Newman spoke about New Jersey’s “four legs” of business development: Choose: New Jersey, a privately funded company promoting New Jersey as a place to locate a business; the New Jersey Economic Development Authority, which Newman referred to as “the bank for businesses”; the Department of Higher Education, which plans, coordinates and advises on state programs that promote business development; and his organization, the NJBAC, which serves as a “one-stop” shop for businesses of all sizes, supporting the global competitiveness of New Jersey companies.
The NJBAC also promotes the state’s attractiveness as a business-investment location, both nationally and internationally.
Newman started with two important messages: First, he said, only 2 percent of the world’s customers are in the U.S. This means that companies that are not exporting are missing out on a lot. Second, he couldn’t emphasize enough the importance of having a business plan. He added that if you put a business plan together and find out that the business is more than you want to take on, then that is a successful business plan.
Among the litany of programs mentioned by Newman were: assistance for small businesses in obtaining financing ranging anywhere from $500 to $5 million; assistance with the state government procurement process; grants to help companies expand into international trade, including funding for registration at foreign trade events; various tax credits for net operating losses; and angel investments.
He noted that the state operates an online business portal for those interested in these programs.
Newman emphasized that it is important to think ahead to you want to go, and to think about what programs you might want to use in the future, after your business is established. For example, the tax credit for net operating losses only applies if your company is subject to the corporate business tax, so you will need to incorporate as a C-Corp — rather than as an LLC or an S-Corp — to be able to take advantage of that program.
While Newman spoke about all the help available for life-science entrepreneurs, Rhen spoke about all the elements investors put into investment deals to protect themselves at the company’s expense.
Companies really need to have someone on staff who understands finance, to keep them out of trouble due to the hidden surprises in contracts, Rhen said.

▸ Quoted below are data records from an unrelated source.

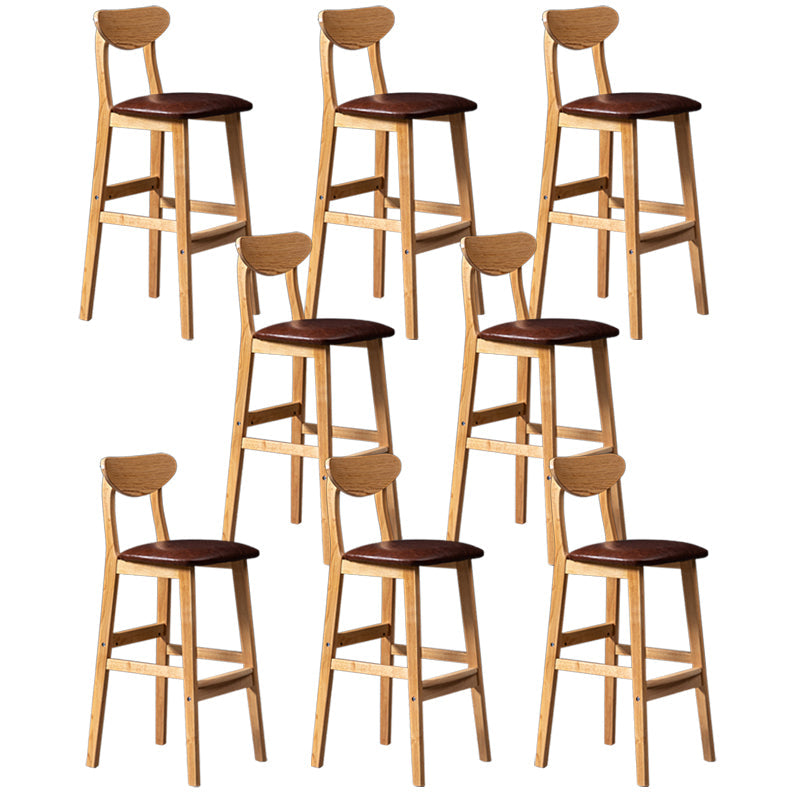 Modern Rubberwood Indoor Bar Stools Natural Finish with Backrest Brown 8 Piece Set Clearhalo 'Bar Furniture' 'Bar Stools' 'bar_stools' 'furn' 'furn_bar_stools' 'Furniture' 'Kitchen & Dining Furniture' 7734280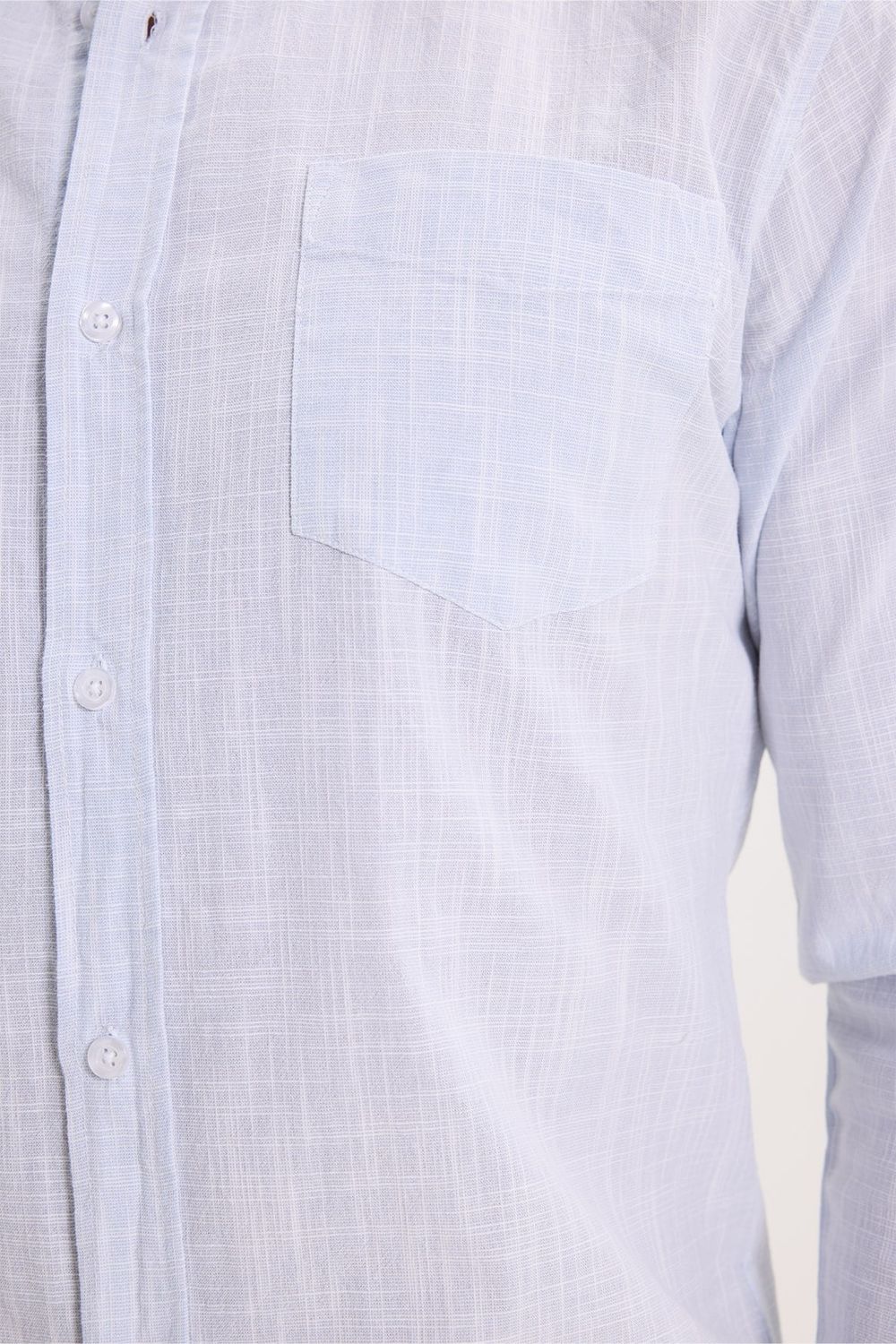 Erkek Slim Fit Dar Kesim Uzun Kollu %100 Pamuk Keten Efektli Düğmeli Yaka Rahat Mavi Gömlek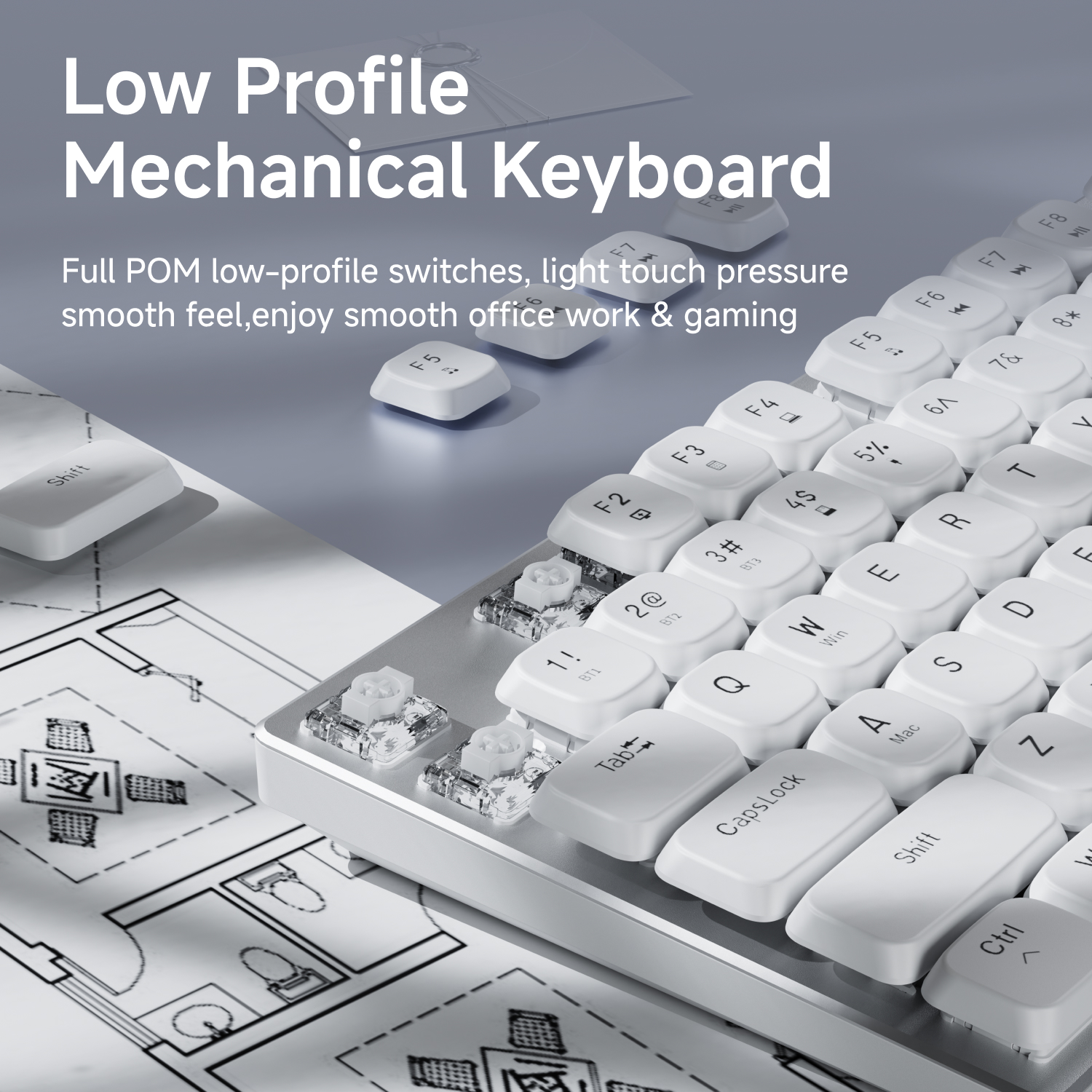 EWEADN Wireless Low-Profile Me - Gaming Keyboard Ergonomic ulasan dan harga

Rhen presented in broad strokes what an entrepreneur needs to look out for to protect the company’s residual value (the value left over after the investors take their shares). He did this by walking the audience through the pros and cons of straight debt, convertible debt (a loan that converts to equity), warrants (options to buy equity at later time), preferred stock, and common stock.
He warned that the devil is in the details, saying that clauses like cashless exercise provisions, under which an investor uses a share of his or her profits to buy more shares of a company, could mean that the shares the company just sold will produce no additional money.
He also explained how cumulative dividends work, which is similar to the way compound interest works, and how they protect the investor at the expense of the residual value. The investors’ value rises with time, but the company’s doesn’t.
Other provisions discussed were liquidation preferences, puts and calls, make-whole provisions and down-round provisions. Down rounds occur when the second round of funding is at a lower valuation then the value for the initial investors. With a down-round provision, the initial investors get the new rates, and their investments are protected, but only by stealing from the entrepreneur’s “piece of the pie.”
Rhen emphasized that a startup’s ability to negotiate these provisions really depends on just how badly it needs the money. The greater the need, the less residual value the startup will likely be able to hold out for.
However, he encouraged even desperate companies to know what they are getting into, so that they aren’t surprised. And he offered to help entrepreneurs review and understand a term sheet, even if it meant sitting down with them over a beer to discuss it!